When I make chili, I’ll use one onion unless I feel like using two. I try to pair my ratio of onion to my ratio of green pepper. Once I have my onion to green pepper ratios worked out, I proceed to my jalapenos, tomatoes and spices.
Of course, all of this is predicated on the amount of meat I use. The technical term for the amount I use for my chili is “a lot.”
When my dad was a kid eating my grandmother’s chili during the Great Depression, the technical term for the amount of meat she used was “not much.” The technical term “a lot” was saved for the use of beans in my grandmother’s chili.
Thankfully, we aren’t living in the Great Depression — at least not yet — so I don’t put beans in my chili.
When I was younger, I not only put jalapenos in my chili but I also poured jalapeno juice into the mix. I don’t do that anymore because … well, because I got married and when you get married you stop doing things like pouring jalapeno juice in chili. You also stop smoking cigars in the house.
Marriage changes a person is what I’m saying.
I started thinking about chili because, as I’m writing this, it’s sort of cold and rainy outside. It’s your basic dreary fall afternoon. Dreary fall afternoons are perfect for chili. Actually, just about any time is perfect for chili, but dreary fall afternoons are really perfect.

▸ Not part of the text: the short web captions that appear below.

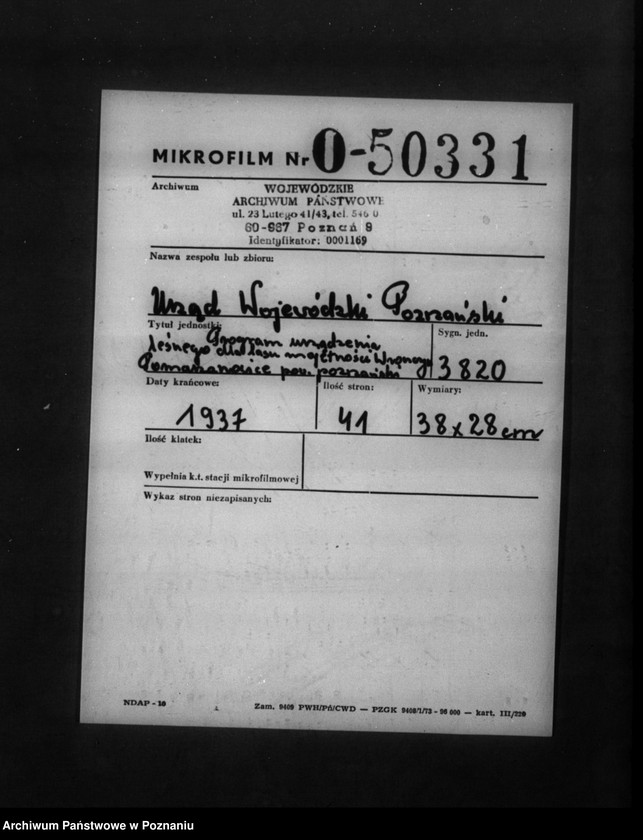 Obraz 2 z jednostki "Program urządzenia gospodarstwa leśnego dla lasu majętności Wronczyn-Pomarzanowice powiat poznański 1936-1946"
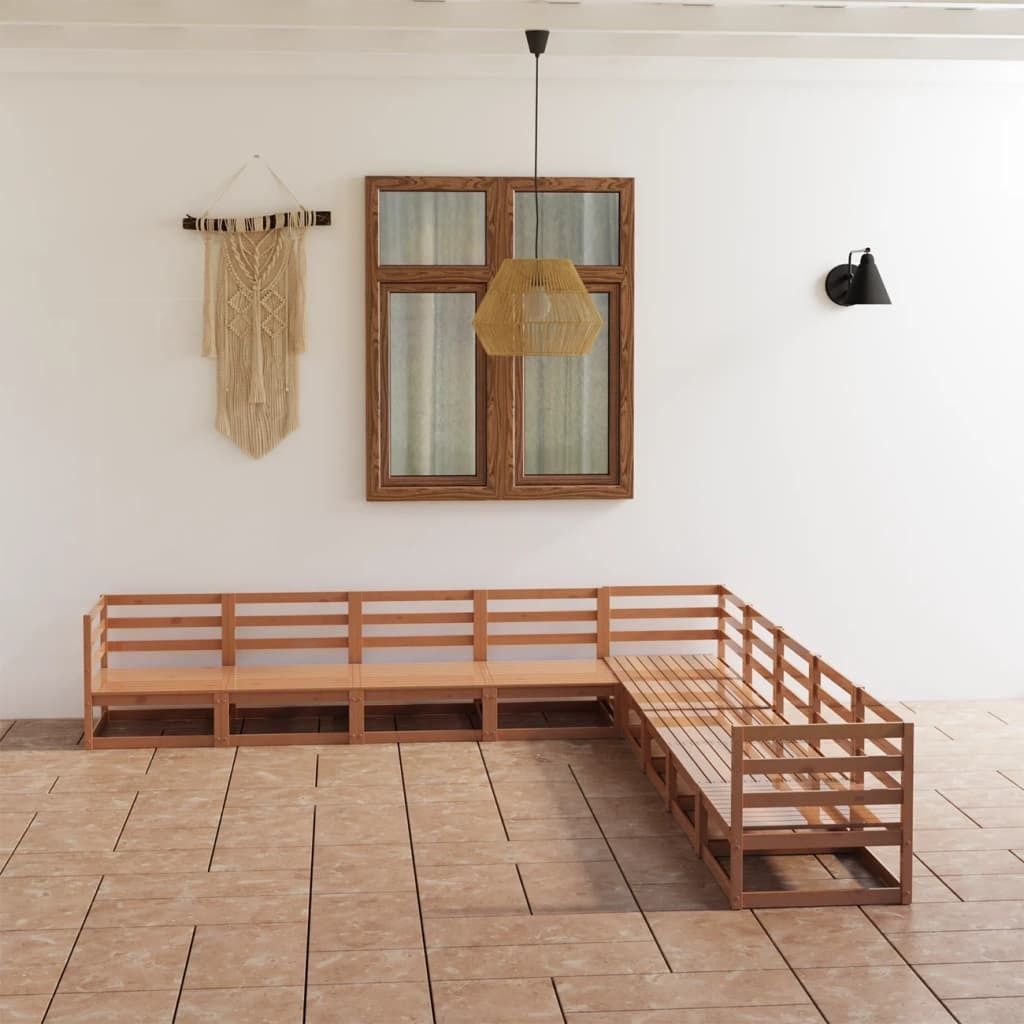 Maison Exclusive - 9-tlg. Garten-Lounge-Set Honigbraun Massivholz Kiefer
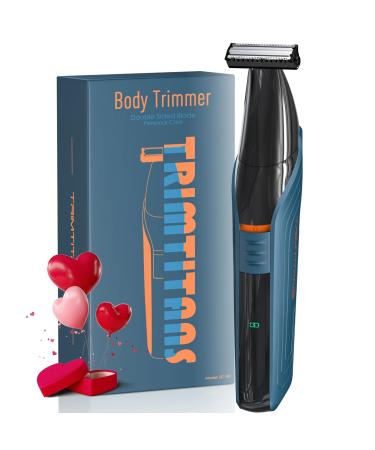Electric Groin & Body Hair Trimmer for Men Mens Body Groomer Kit Face Beard Trimmer & Nose Hair Trimmer No Nick Ball Shaver Hard to Reach Pubic Hair Trimmer All-in-One Dual-Sided Blade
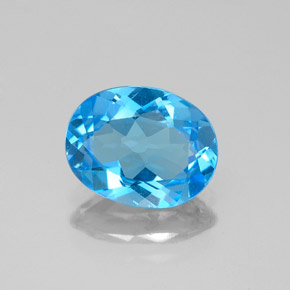 Topázio azul natural 1,86ct, corte oval, VVS-VS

The other reason I started thinking about chili is because Thursday will offer the Holy Grail of sorts for area chili fans.
Well, the chili won’t be served in a Holy Grail, I’m thinking that would be sort of sacrilegious. Thursday is the successful end of a chili lovers quest in the form of two separate chili meals being served up in two separate communities.
In Joplin, folks will be serving up great chili and great vegetable soup at the Joplin Association for the Blind and Low Vision Center located at the corner of Fourth Street and Schifferdecker Avenue. Lunch will be served from 11 a.m. to 2 p.m. and dinner from 4 p.m. to 7 p.m.
The cost for the meal, which includes dessert and a drink, is $7 for adults and $3 for children. As it has for the past several years, the culinary department at Franklin Technical Center will help a host of volunteers prepare the meal. Carryout meals are available by calling 417-623-5721 or by fax at 417-623-1968.
In Carthage, the folks at St. Ann’s Catholic Church, 1156 Grand Ave., will be serving up chili and vegetable soup from 11 a.m. to 1:30 p.m. and again from 5 p.m. to 7 p.m.
The cost is $6.50 for adults and $3.50 for children 12 and younger. Along with chili or soup, coffee or tea and pie will be served. Carryout orders may be placed by calling 417-358-4902.